Transcribe the listing below exactly, without pictures.
####
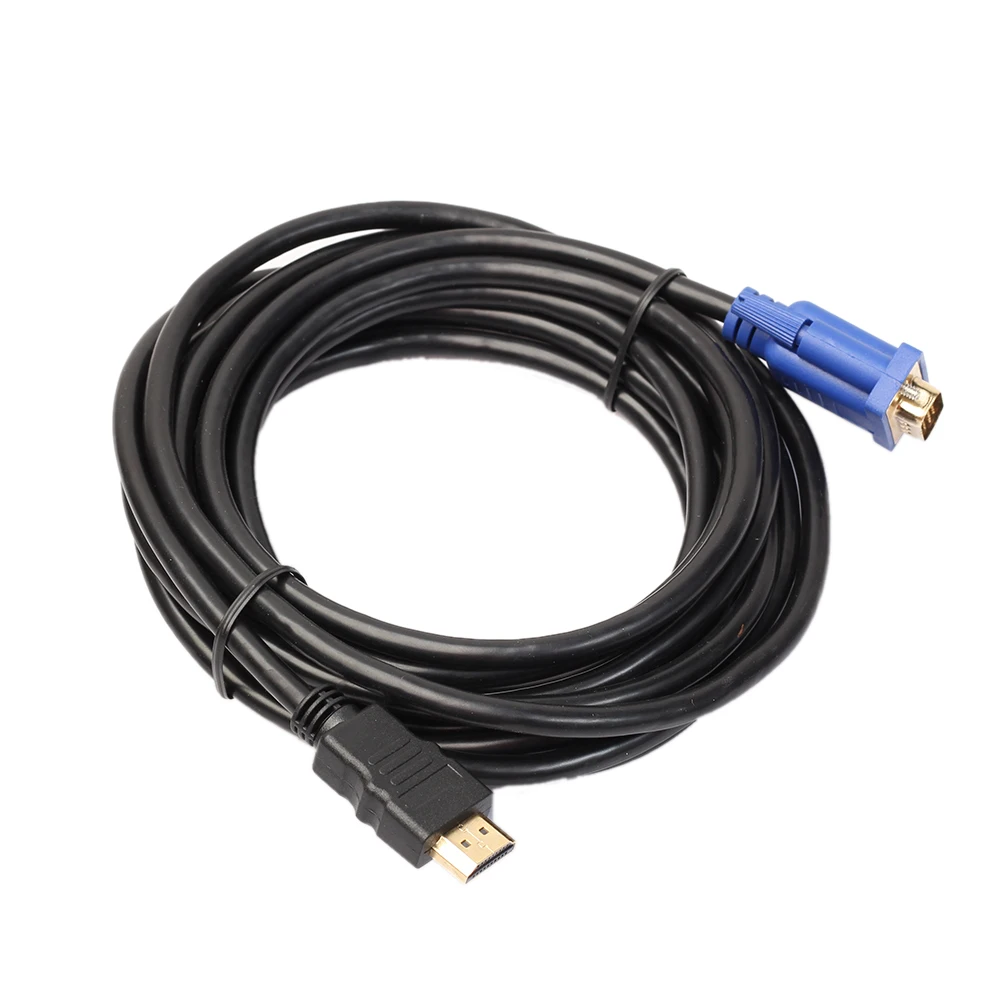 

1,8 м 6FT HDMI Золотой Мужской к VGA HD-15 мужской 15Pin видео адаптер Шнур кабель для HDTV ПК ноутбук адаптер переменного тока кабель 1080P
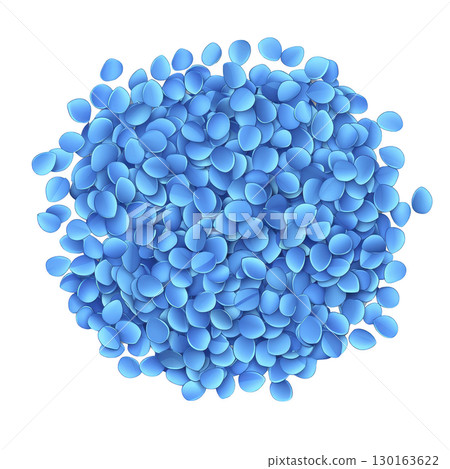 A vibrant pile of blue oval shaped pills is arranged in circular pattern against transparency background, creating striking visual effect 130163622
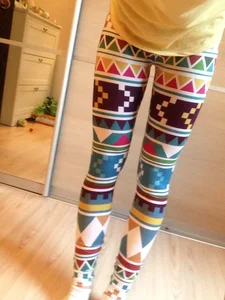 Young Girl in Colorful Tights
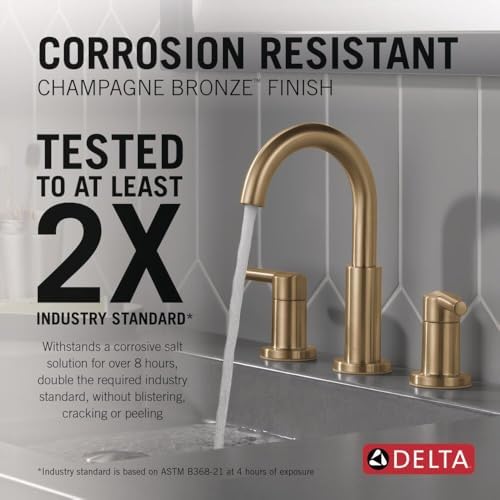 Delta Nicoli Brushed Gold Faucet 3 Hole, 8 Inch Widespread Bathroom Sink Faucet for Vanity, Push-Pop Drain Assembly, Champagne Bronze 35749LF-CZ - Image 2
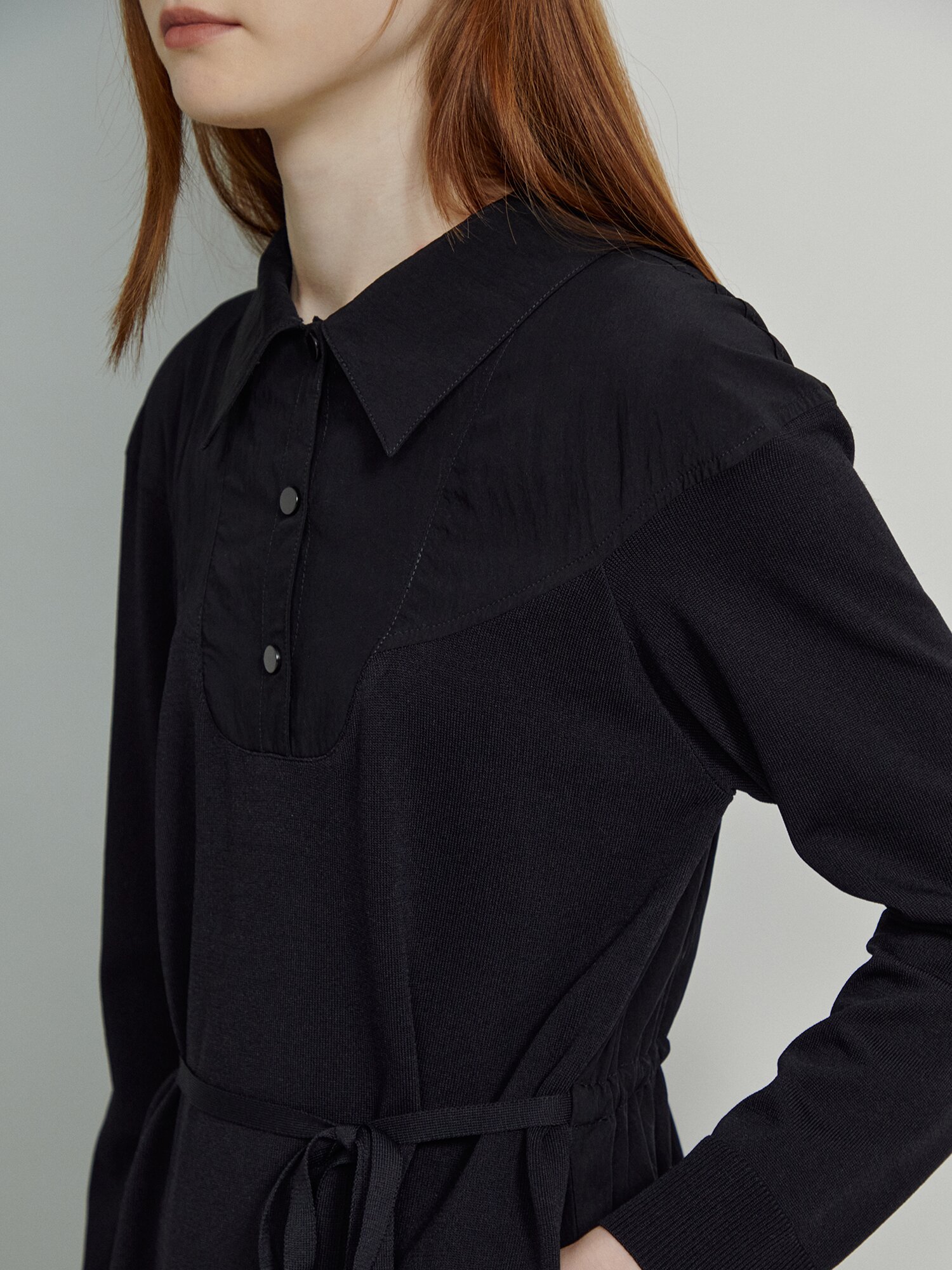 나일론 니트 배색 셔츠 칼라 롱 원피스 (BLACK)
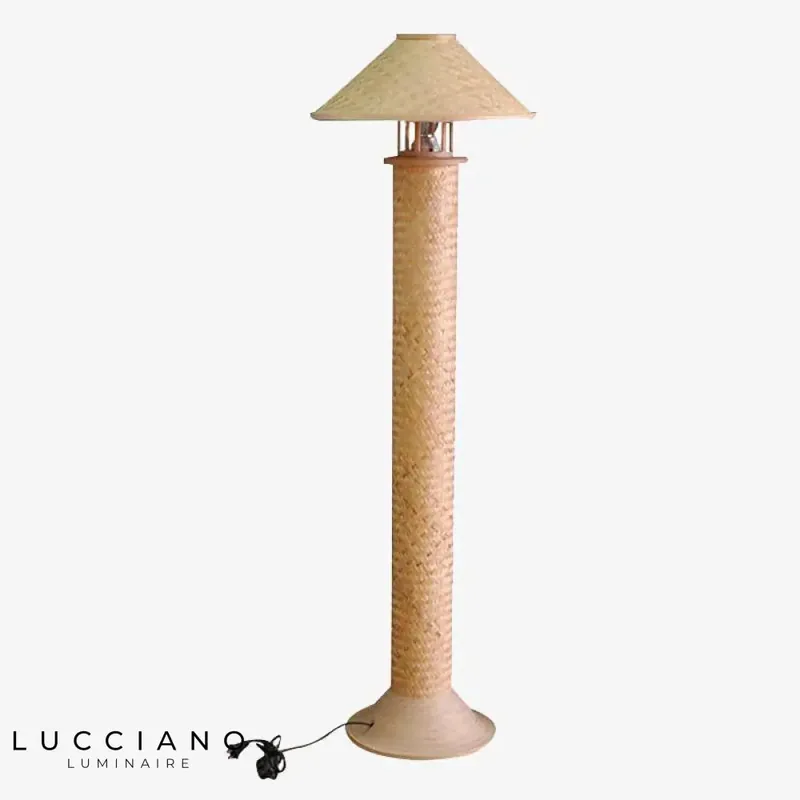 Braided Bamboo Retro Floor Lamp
####
▶ _SOLUTION TO THIS TASK_:
1,8 м 6FT HDMI Золотой Мужской к VGA HD-15 мужской 15Pin видео адаптер Шнур кабель для HDTV ПК ноутбук адаптер переменного тока кабель 1080P
 A vibrant pile of blue oval shaped pills is arranged in circular pattern against transparency background, creating striking visual effect 130163622
 Young Girl in Colorful Tights
 Delta Nicoli Brushed Gold Faucet 3 Hole, 8 Inch Widespread Bathroom Sink Faucet for Vanity, Push-Pop Drain Assembly, Champagne Bronze 35749LF-CZ - Image 2
 나일론 니트 배색 셔츠 칼라 롱 원피스 (BLACK)
 Braided Bamboo Retro Floor Lamp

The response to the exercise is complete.